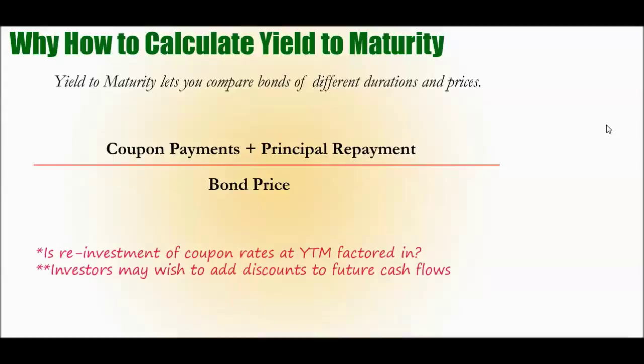Now, most calculators that you'll find online, and we'll get to calculators in a second, don't factor in reinvestment. So that's something to bear in mind when you're looking at calculators and screeners. You may want to see the fine print behind the calculators and screeners, whether or not they do, but chances are they don't because that makes calculation a lot more complex.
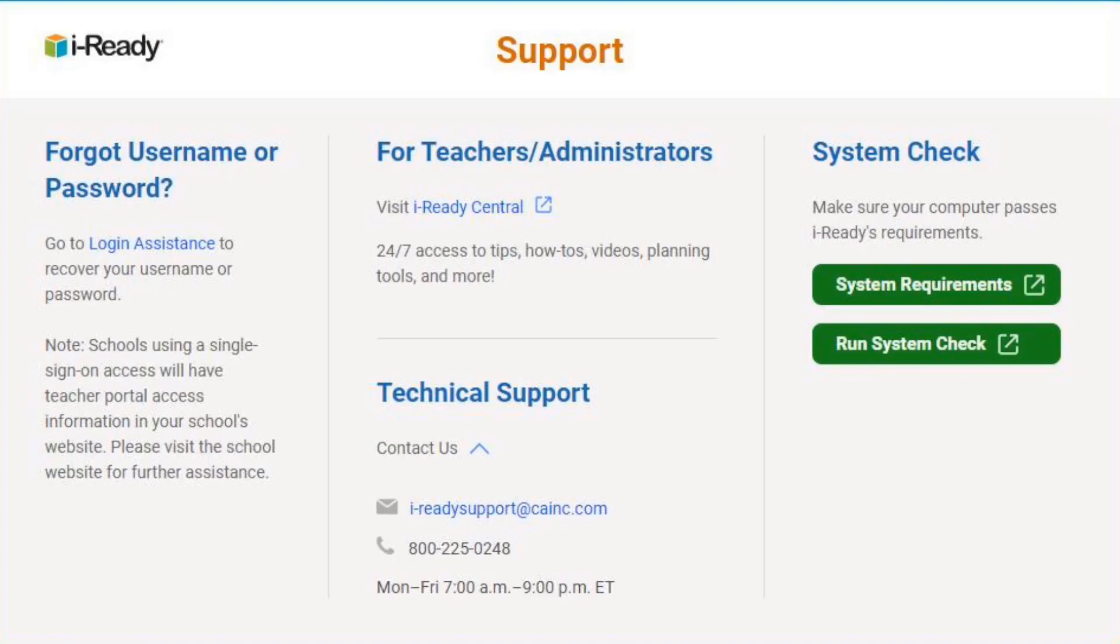Thank you for watching. Don't forget to subscribe to the channel. For additional support information, go to www.i-ready.com/support. There you will find options on how to contact our support team as well as helpful resources such as our system requirements and system check.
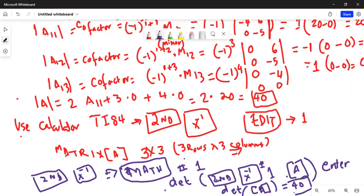Same answer as before, and much easier using the calculator. I've shown you both ways to calculate the determinant of a three by three matrix — using the cofactor expansion formula or the TI-84 calculator. If you have questions, please leave a comment. If you liked this video, give a thumbs up, subscribe by hitting the red subscribe button, and share with your friends. Thanks for watching, have a nice day!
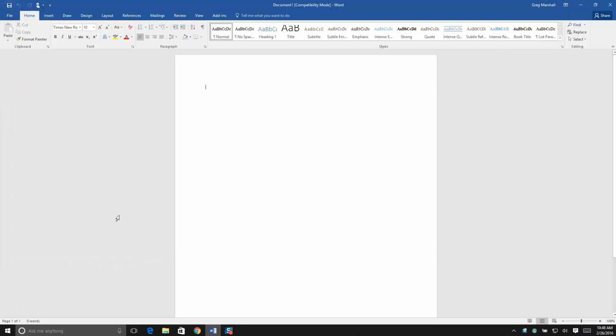Let's take a look at how to turn off macros in Word to protect us from the state of mass ransomware that's been going around in emails.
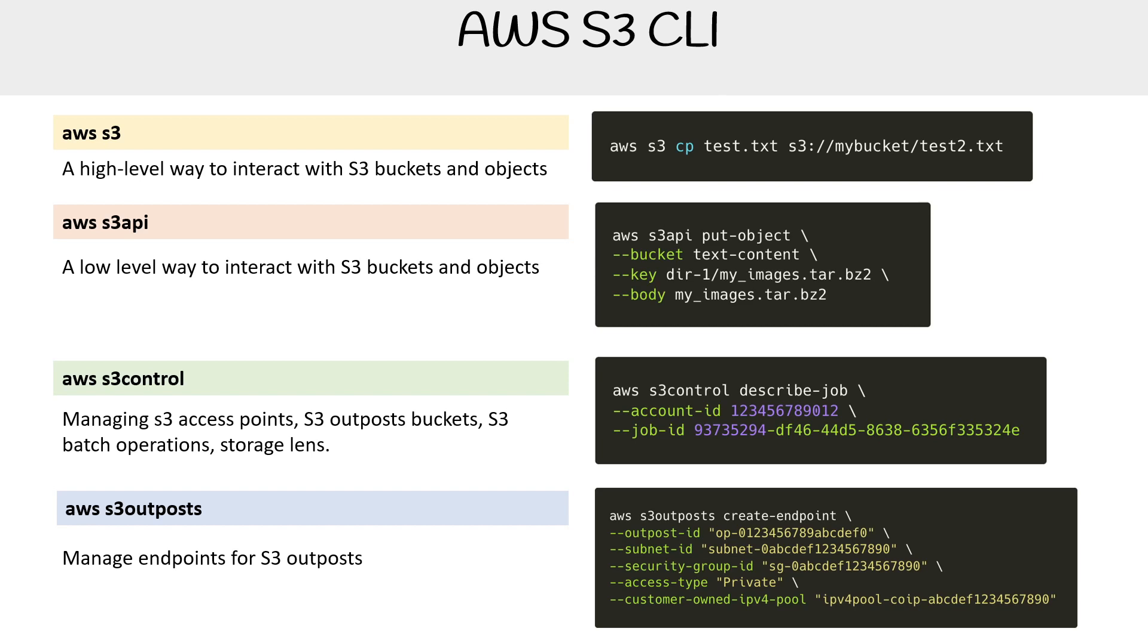There you go for a good overview, a high-level overview of the commands for AWS S3 CLI. In terms of sub-commands, we'll talk about that and we'll cover them throughout the S3 section.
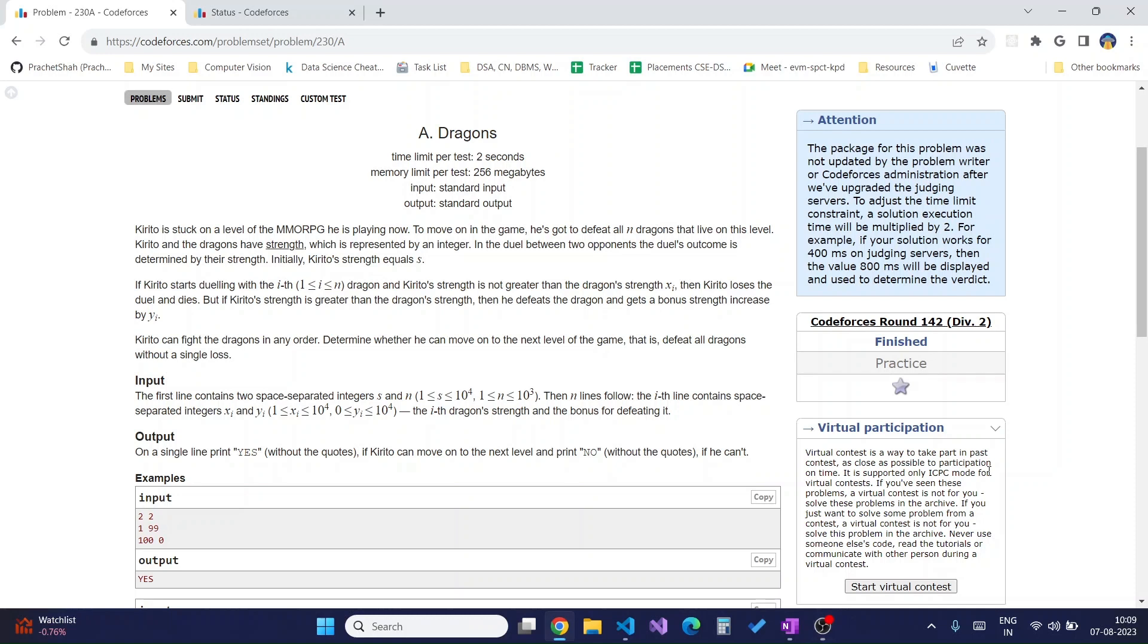Hello friends, so in today's video we will be looking at Codeforces problem 230A, Dragons.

To do -> All of the records must come back exactly as they stand, minus every picture.

Response area ->
Now, most calculators that you'll find online, and we'll get to calculators in a second, don't factor in reinvestment. So that's something to bear in mind when you're looking at calculators and screeners. You may want to see the fine print behind the calculators and screeners, whether or not they do, but chances are they don't because that makes calculation a lot more complex.
Thank you for watching. Don't forget to subscribe to the channel. For additional support information, go to www.i-ready.com/support. There you will find options on how to contact our support team as well as helpful resources such as our system requirements and system check.
Same answer as before, and much easier using the calculator. I've shown you both ways to calculate the determinant of a three by three matrix — using the cofactor expansion formula or the TI-84 calculator. If you have questions, please leave a comment. If you liked this video, give a thumbs up, subscribe by hitting the red subscribe button, and share with your friends. Thanks for watching, have a nice day!
Let's take a look at how to turn off macros in Word to protect us from the state of mass ransomware that's been going around in emails.
There you go for a good overview, a high-level overview of the commands for AWS S3 CLI. In terms of sub-commands, we'll talk about that and we'll cover them throughout the S3 section.
Hello friends, so in today's video we will be looking at Codeforces problem 230A, Dragons.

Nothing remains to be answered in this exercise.